Knowing that should it come up, you have a good chance, that you are prepared, that perhaps that asshole who thinks you are a victim is the one that should be worried more than you, it does change how you handle other things. Living in fear, feeling that at least half of the world could take you out in a moment, does not empower you on any level. Sarah showed us that such threats can be just something to get out of the way should they come up. Until then, you can do what needs to be done to deal with the other shit in your life. So she becomes a symbol of the ultimate preparations against any sort of assault we might face.

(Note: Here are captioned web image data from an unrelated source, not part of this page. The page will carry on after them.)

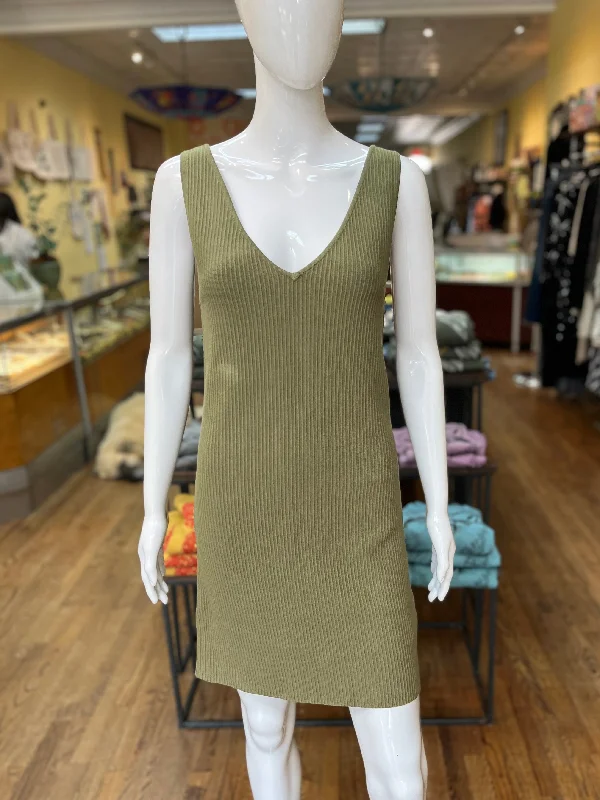 Nalani Dress (color options)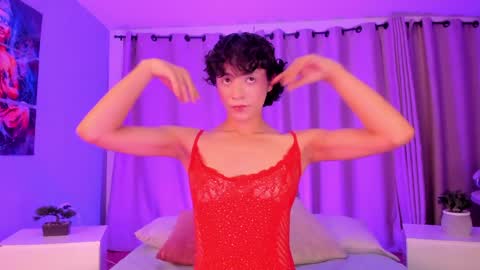   online show from April 2, 5:04 am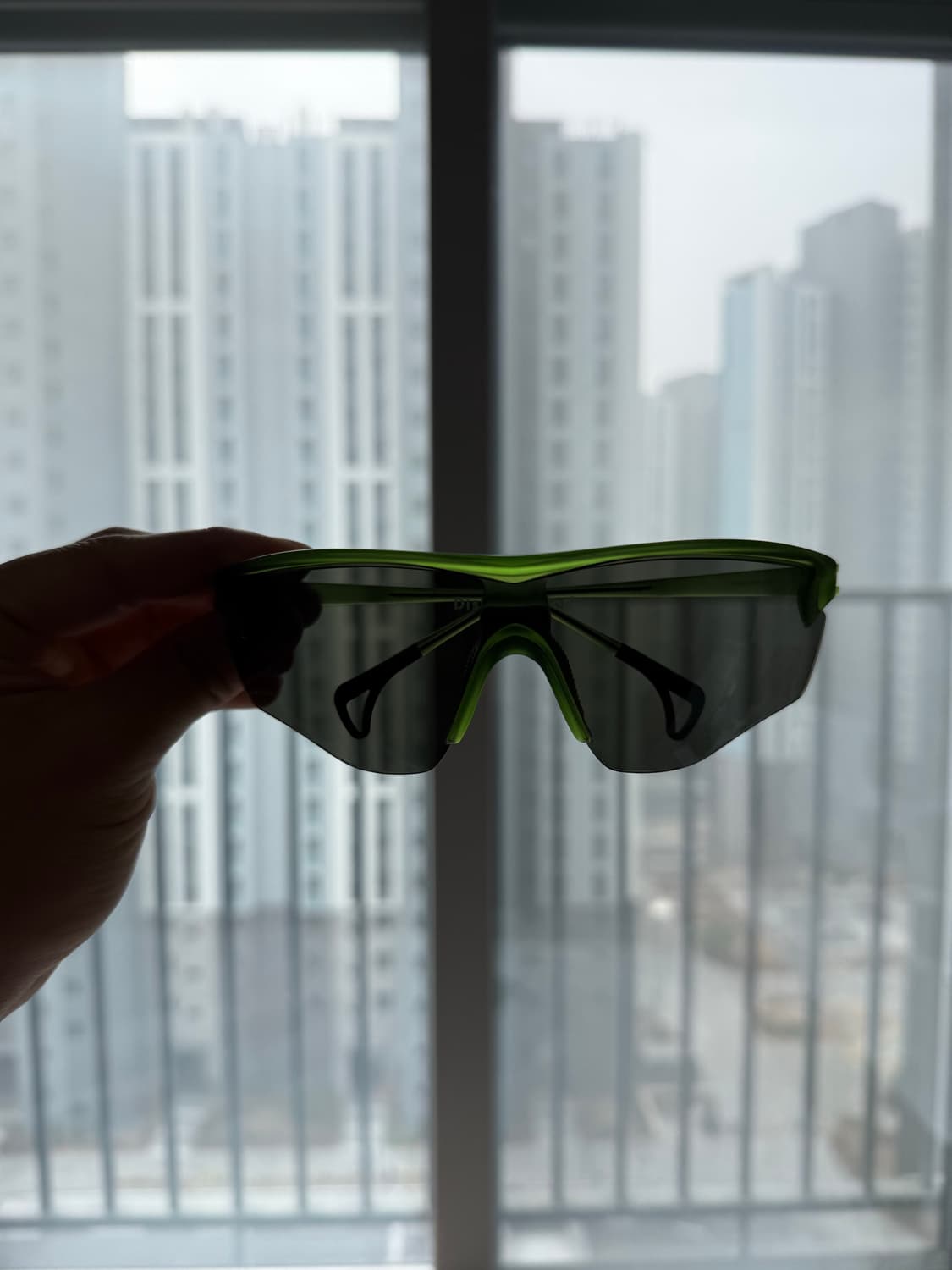 디스트릭트비전 준야 카키 상품이미지2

This is, as I’ve noted before, the greatest travesty of Terminator Salvation, that the franchise that gave us this ultimate role model of strength, turned around and made the one female character who could have carried on that legacy into just a victim. A victim who needs a big strong Knight to save her. That demonstrates the very thing that Sarah Connor represented our journey away from.

And when it comes to other problems in our lives, Sarah can still offer us hope. We can face the loss of loved ones and still strive towards our goals because she did. If our tasks seem hard and overwhelming, we can stoically strive on, with out whining (or at least not for long), without faltering, because, well, she got through her burdens and, even when there seemed no hope, fought to find a better solution. Certainly she mourned her dead, she went from just conceiving to very pregnant in the last scene of Terminator, but she shows eventually you pack up your dog, gun and Spanish dictionary and head head out to prepare for what’s to come.

Of course, there is another factor in dealing with the sadness issue at hand in what Sarah inspires for us. Moments of sheer joy. It’s the endorphins, baby. Working out, martial arts/self-defense training and defensive shooting training all give us strong endorphin dumps. It might not solve the problems, it might not cure the source of the sad, but it certainly is nice to have those periods of elation.

So, Linda (although I’m sure you’ll never read this) and others who ask this question, this is why we want to be like Sarah. No, we don’t want her burdens added to our own. We just want her strength, which you demonstrated so well, to handle them. Strong and hard, sometimes too alone and shut-off but we can find our way back to love too, sometimes ranting and raving at a world that can’t grasp the hard truths, always prepared, with a plan, getting the small problems out of the way so we can deal with saving the world as best we can.

And it’s kind of nice if we can groove on some endorphins and look our buffist while we do it, too.